AK Parti’yi “Yeni Türkiye” sosyolojisine uygun bir süreçler değişimi konseptinde değerlendirmek gerekiyor. Farkındayım. Milli Görüş olmadığını. Hatta kuruluş günlerindeki AK Parti ile misyon olarak temeldeki düşünce yapısı aynı olsa bile vizyoner manada masaya çok sayıda yeni kavram yeni olay yeni olgu eklendi son 12 yılda. Genel Başkanı dahil yönetim kadroları değişti. Bunlar doğal değişim süreçleri.
Bunların yanı sıra; AK Parti pek çok ağır sınavı geçmeyi, tabiri caizse nice sunturlu vartayı atlatmayı başardı bu 12 yılda... Kapatma Davası, e-muhtıra, istifalar, gezi kalkışması, 17/25 Aralık darbe girişimi gibi zorlu işler...
Bunların her birinden de tıpkı seçimlerden başarıyla çıkışında olduğu gibi, güçlenerek çıktı, kan kaybedeceği moral yitireceği yerde...

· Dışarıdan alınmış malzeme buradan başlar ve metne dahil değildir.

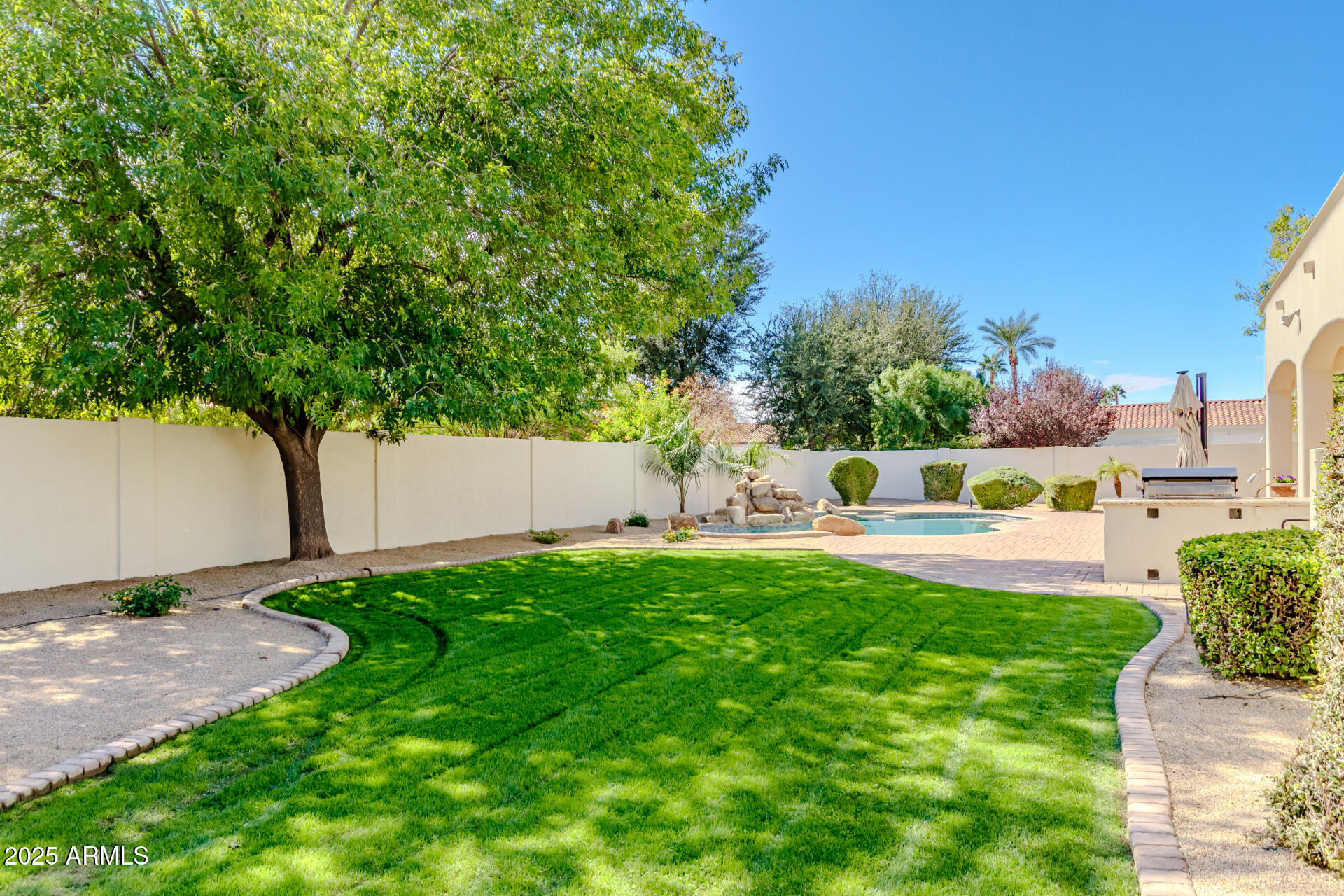 2137 E Teakwood Place, Chandler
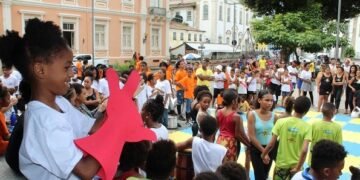 Crianças e adolescentes do Projeto Axé mobilizam população do Pelourinho para o combate ao Abuso e Exploração Sexual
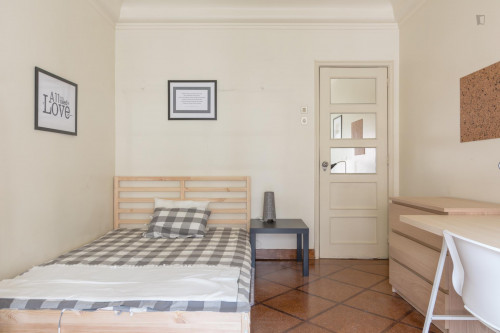 Tasteful single bedroom, in a 5-bedroom apartment, in Saldanha  - Gallery -  2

Dolayısıyla kurumlaşmış bir yapıdan söz ediyoruz AK Parti derken... Çözülmesi birkaç darbeyle yıpranıvermesi kolay değil, kendi iç dinamikleri ve savunma mekanizmaları var ve gerektiğinde devreye girer...
***
Ama her şey mekanizmadan ibaret değildir. İnşaattan, mühendislikten, hesaptan, projeden ibaret değildir. Kongre hesapları, delegasyon aritmetiği, teşkilatlanma yapısalı derken kurumsal olanı sağlamaya tabi tutmak elbette siyasetin yönetsel kurgusu anlamında olmazsa olmazlardandır. Lakin bahsettiğimiz bu beden, ne kadar güçlü olursa olsun, o vücuda bir ruh gerekir.